I might be making Annie Hall sound like an obscure little film, but it is probably the film in my top ten that most of you have seen. It was a critical and commercial success, making $38 million at the box office (his biggest film when adjusted for inflation) and winning four Oscars including Best Picture, Director, Original Screenplay and Actress for Diane Keaton. And it was a critical and commercial success because it is, quite simply, hilarious. In fact, I regard it as the funniest film I’ve ever seen, funnier even than Airplane! and Life of Brian. Here are just a handful of the hundreds of witty, off-the-cuff remarks that Alvy Singer makes on a vast range of topics:
- Alvy Singer (i.e. Woody Allen) on masturbation: “Don’t knock masturbation. It’s sex with someone I love.”
- Alvy Singer (i.e. Woody Allen) on grandparents: “My Grammy never gave gifts. She was too busy getting raped by Cossacks.”
- Alvy Singer (i.e. Woody Allen) on Los Angeles: “I don’t want to move to a city where the only cultural advantage is being able to make a right turn on a red light.”
- Alvy Singer (i.e. Woody Allen) on Harvard University: “Hey, Harvard makes mistakes too – Kissinger taught there.”
- Alvy Singer (i.e. Woody Allen) on psychotherapy: “I was suicidal as a matter of fact, and would have killed myself, but I was in analysis with a strict Freudian, and if you kill yourself, they make you pay for the sessions you miss.”
Clearly, Annie Hall is filled to the brim with Woody Allen’s perspective on everything to do with Western life, specifically American life, and specifically New York life. His agoraphobia and Los-Angeles-phobia (physically becoming ill when arriving in LA) is sold with the trademark Woody Allen stammer that is endearing to some, and irritating to many others. I suppose I’m a Woody Allen fan – I own twenty-one of his films on DVD – but I don’t think you need to like, or even tolerate, Woody Allen to enjoy Annie Hall. It’s amazing how a film that comes from such a personal place from the director can have something that appeals to everyone, as I’m sure everyone can relate to at least one thing that Alvy says, even if you dislike his neurotic persona.
But the film is driven by the two leads and the emerging and fading relationship between Annie and Alvy.
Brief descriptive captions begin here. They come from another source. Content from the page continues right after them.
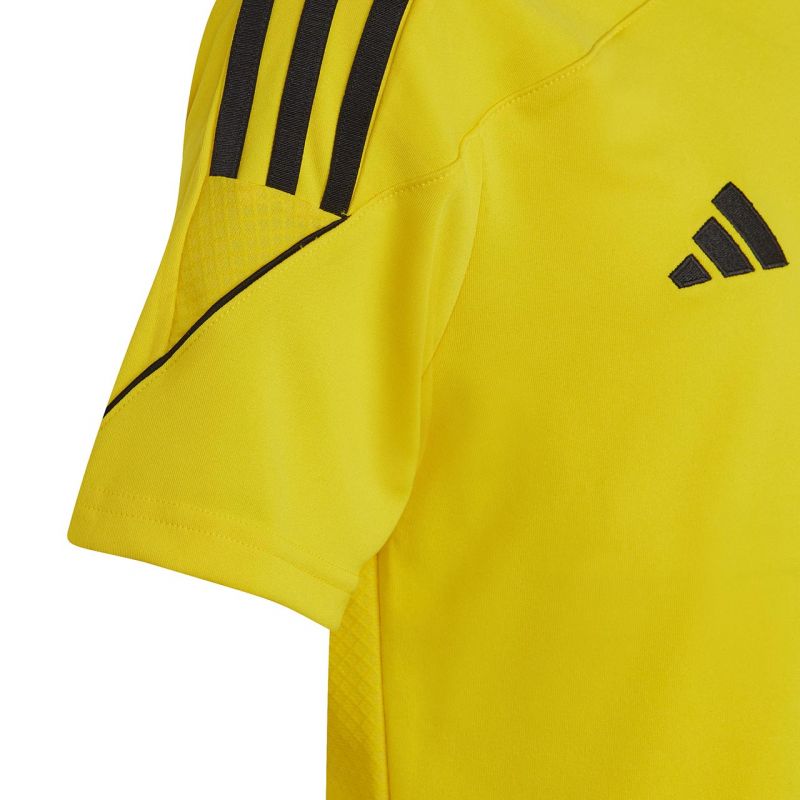 Tričko adidas Tiro 23 League Jersey Jr HS0535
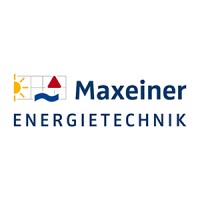 Maxeiner Gmbh Logo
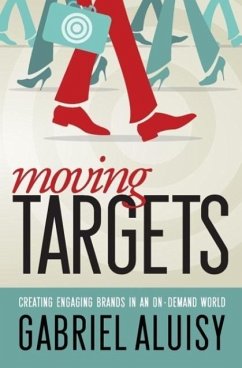 Moving Targets - Aluisy, Gabriel W.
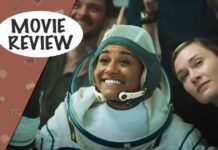 I.S.S. Movie Review: This Space Thriller Does All Things Right To Make It A Fun Experience Even if It Is A Bit Forgettable in the End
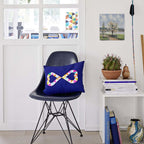 Eames Fiberglass Chair DSR Basic Dark från Vålamagasinet Matstolar, Vitra, Image-2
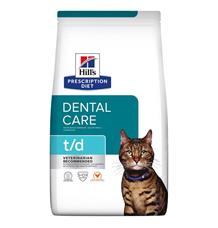 Hill’s Fel. PD T/D Dry 1,5kg NEW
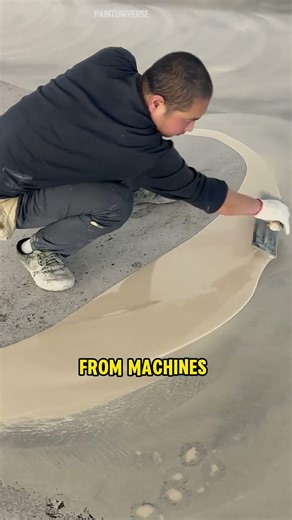 Static Can Explode a Flour Factory ⚠️ #AntiStaticFloor #ESDFlooring #floorpaint #EpoxyFloor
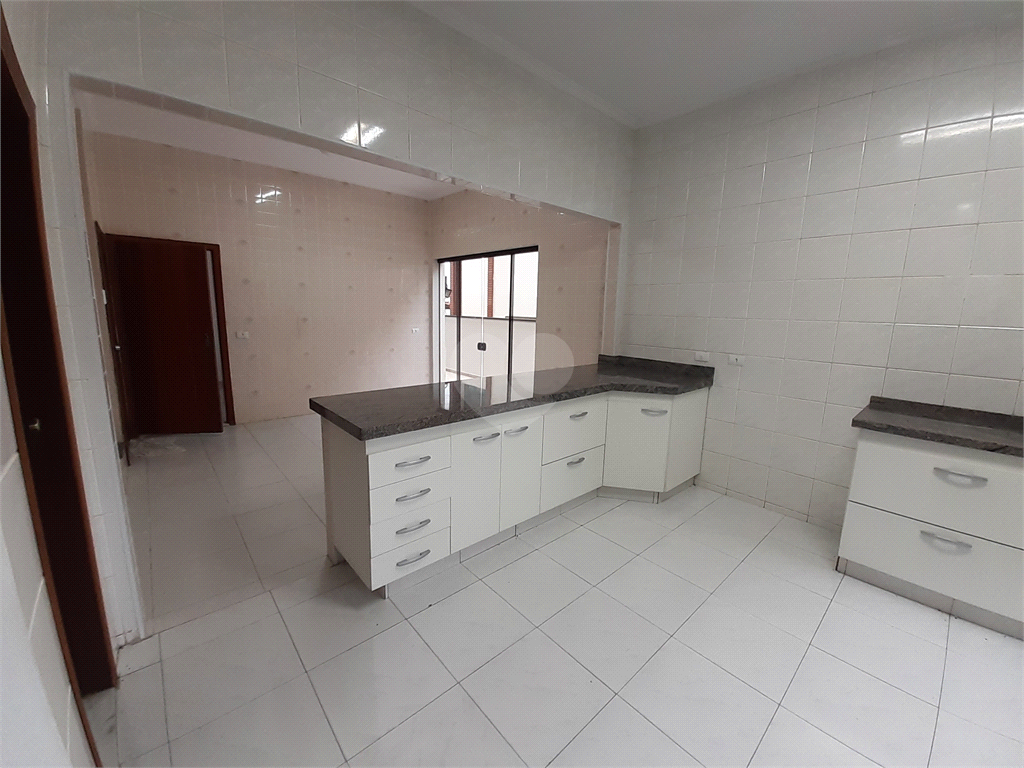 Venda Casa de vila São Paulo Vila Tramontano REO684832 16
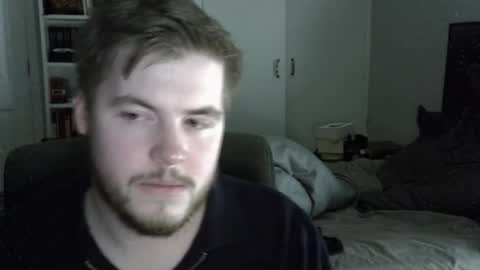 Liam Fox online show from 02/13/26, 02:51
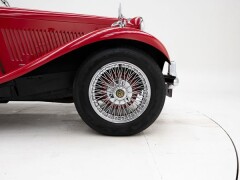 MG TD \'53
The titular Annie Hall is played so superbly by Diane Keaton that she created not only a fascinating character – she’s genial, eccentric, giddy and just a bit ditzy – but also created a cultural icon. Annie’s unusual fashion style was Keaton’s own decision, and if you’ve seen Diane Keaton on Ellen DeGeneres’ show recently, you would know that the character of Annie Hall bears remarkable similarities to Keaton herself. Allen and Keaton’s natural chemistry (she appeared in many of his films, and in many regards is the Robert De Niro to Allen’s Martin Scorsese) is accentuated in Annie Hall, as they are really just playing hyperbolised versions of themselves.
Following films like the farcical Everything You Always Wanted to Know About Sex (But Were Too Afraid to Ask) and the sci-fi comedy Sleeper, Allen came out with something far more profound, and ultimately more lasting, than any of his previous films. This is his love letter to, well, love: the complexities, the impermanence and the thrills of romance. As Tony Roberts, who plays Alvy’s best friend Rob in the film, once said about Annie Hall, it is “the story of everybody who falls in love, and then falls out of love and goes on”. I think that says it all.